As an activist, I believe social change comes about one person at a time, one story at a time. And so I wanted to see if the momentum of these conversations and personal transformations could be harnessed so that, collectively, they could contribute to the groundswell that leads to change. 

But could we develop an audience engagement campaign for a multi-issue film whose social impact is highly individual, deeply personal, and hard to quantify? 

We partnered with Working Films, a predominant independent media organization focused on the art of engagement.  With their guidance, we developed the A Lot Like You (ALLY) Project – an interactive, collaborative initiative that uses our award-winning film as a springboard for exploring issues of identity and belonging.                                                                                                                        

We are partnering with activists, educators and non-profits who want to use this film to facilitate deep personal exploration and/or expand the national discourse around: 

  • Race, Culture & Identity
  • Violence and Abuse
  • Intersectionality
  • Arts + Community Engagement


To help us measure the personal impact of our film, we launched
the ALLY Postcard campaign.  We invite audience members to share their own stories, ideas, reflections on our film.  This evolving conversation is helping us better understand the scope of our film’s impact and identify additional focus areas and potential partnerships.
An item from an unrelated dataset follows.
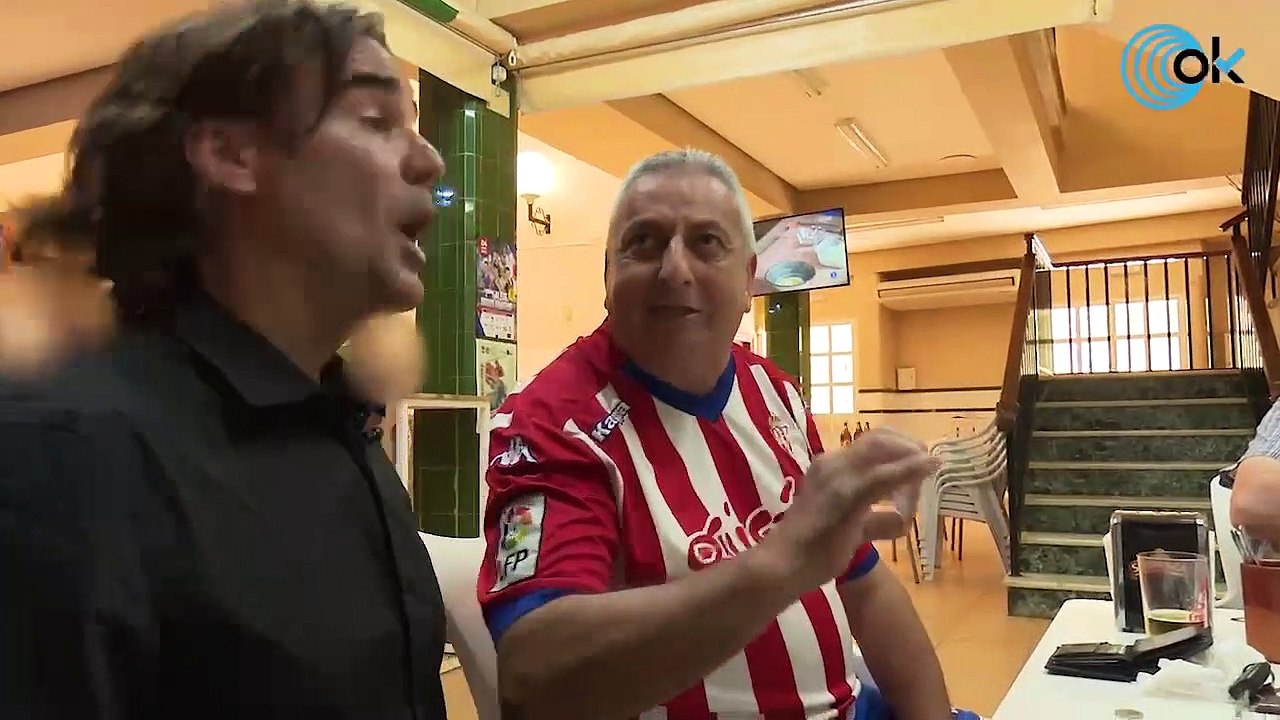 ¡Fuera del local tú y tu camarita! Marinaleda e...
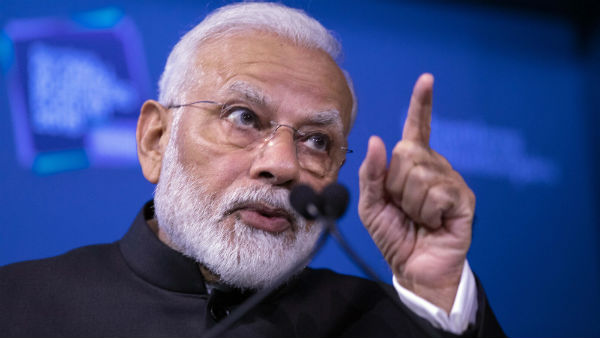 Prime Minister Narendra Modi will address the UN General Assembly today Prime Minister Narendra Modi will address the UN General Assembly today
Here are a few ways we have benefited from opening up our conversation and engaging directly with our audience.  Our postcard campaign: 

  • amplifies the relevance and deepens the impact of our work.
  • increases the community’s investment in our work in particular, and the arts in general.
  • helps me understand my story better.
  • connects audience members with their own creativity and curiosity.
  • invites us all to practice sharing, listening, learning, growing, connecting, valuing differences.
  • invites complexity.
  • taps into the storyteller/artist in all of us.
  • reminds us that we are all here because of our stories.  And without our stories, we are nothing.